Published July 28, 2010
A new breast rejuvenation surgery gives women with oversized breasts a reduction, lift and implant all in one, MyFoxHouston.com reported.
Dr. Gary Horndeski, an aspiring engineer-turned plastic surgeon, has engineered a breast rejuvenation technique to sculpt the ideal breast.
“I am able to make a cone out of a patient’s own breast tissue,” Horndeski said. “I’m also able to position the cone in the chest wall wherever I want. In addition to that, I have a technique that involves using straps, so I make basically an internal push-up bra.”
Horndeski, who says that he wants to build the ideal breast, creates a natural implant, what he calls a cone, by using the skin his patients don’t want – the skin that is hanging, or the skin on the side. He also makes the incision under the fold of the breast to reduce the vertical scarring, which is what had prevented Jana Reed, a single mother who worked in Horndeski’s office, from getting traditional breast reduction surgery.

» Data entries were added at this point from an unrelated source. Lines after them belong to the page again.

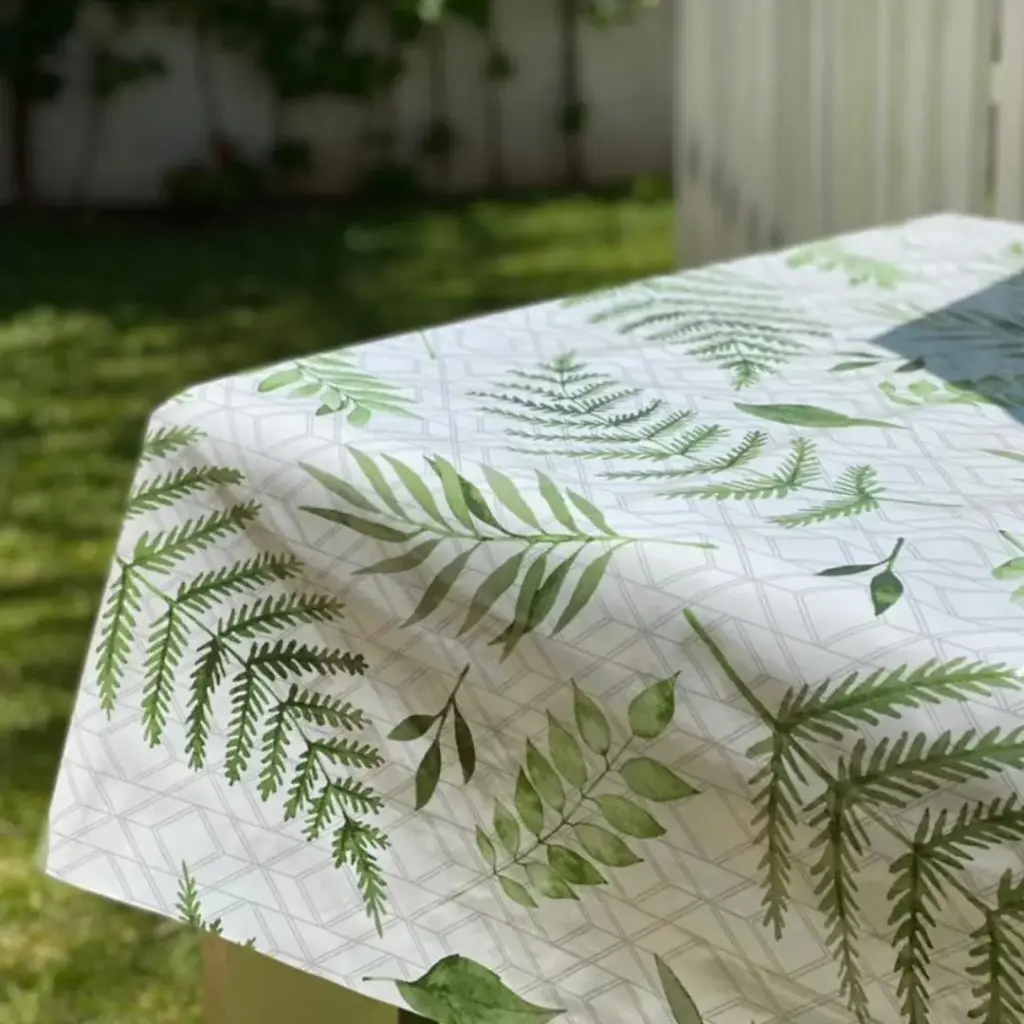 Une table, mille inspirations ✨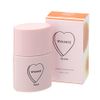 WHOMEE Liquid Foundation SPF21 PA++_30ml (Natural)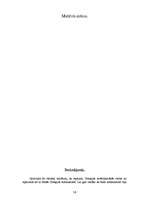 Referāts 'Tūrisma maršruts pa Grieķiju', 16.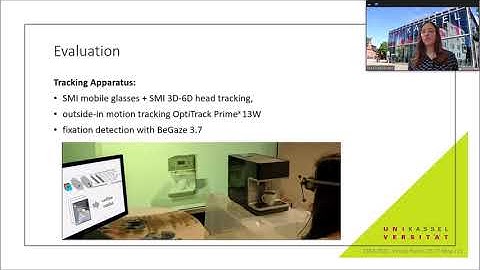 Neural Networks for Semantic Gaze Analysis in XR Settings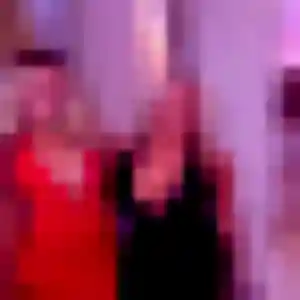 Charmante Rachida, 44 ans à Thorigny-sur-Marne - découvrir son profil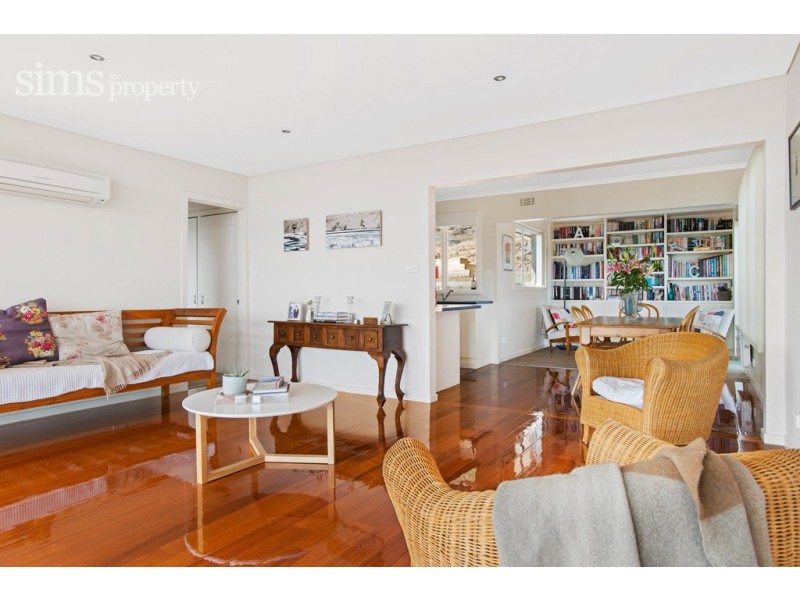 26 Aberdeen Court, South Launceston TAS 7249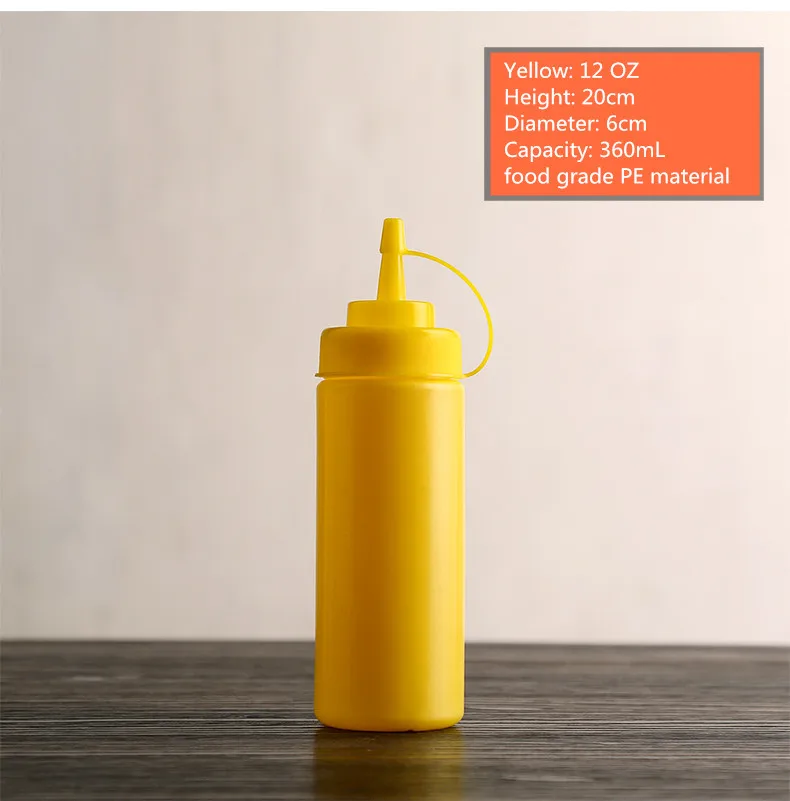 TB2iSI4hv2H8KJjy0FcXXaDlFXa_!!3044062489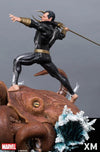 Namor 1/4 Scale Statue - FREE SHIPPING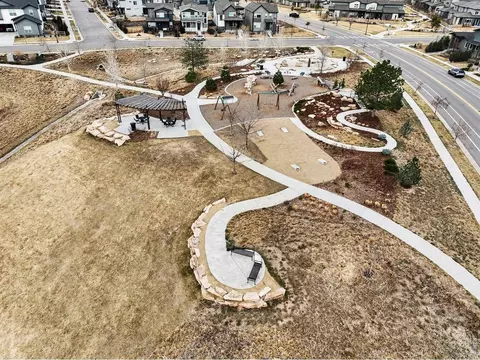 5721 Stone Fly Dr, Timnath, CO 80547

“The results were very unattractive, left lots of scarring and they didn’t lift the breasts into the position where they are high,” Reed said. “And that’s what attracted me to what Dr. Horndeski is doing.”
After having her 38DDD cup size successfully reduced using Horndeski’s new technique, Reed has a renewed sense of confidence, is eating better and even met and married the man of her dreams. But it also relieved the neck and back pain caused by her large breasts, which made it hard for her to sleep.
The breast reduction also attracted Jordan West, a 20-year-old college student whose size J bra made her breasts look like they belonged to an older woman.
“Just a T-shirt or a V-neck would look sexual on me because my chest was so large,” said West, who now has the same 36 C cup size she did in the sixth grade.
Cheryl Waller not only saw the cosmetic benefits of this procedure, the 64-year-old wanted it because it fit into her plan to use plastic surgery to help slow the aging process.
Horndeski has improved these women’s lives with a four hour procedure that he spent 10 years formulating.
“It’s not the art of medicine,” Horndeski said. “It’s more engineering. It’s human engineering.”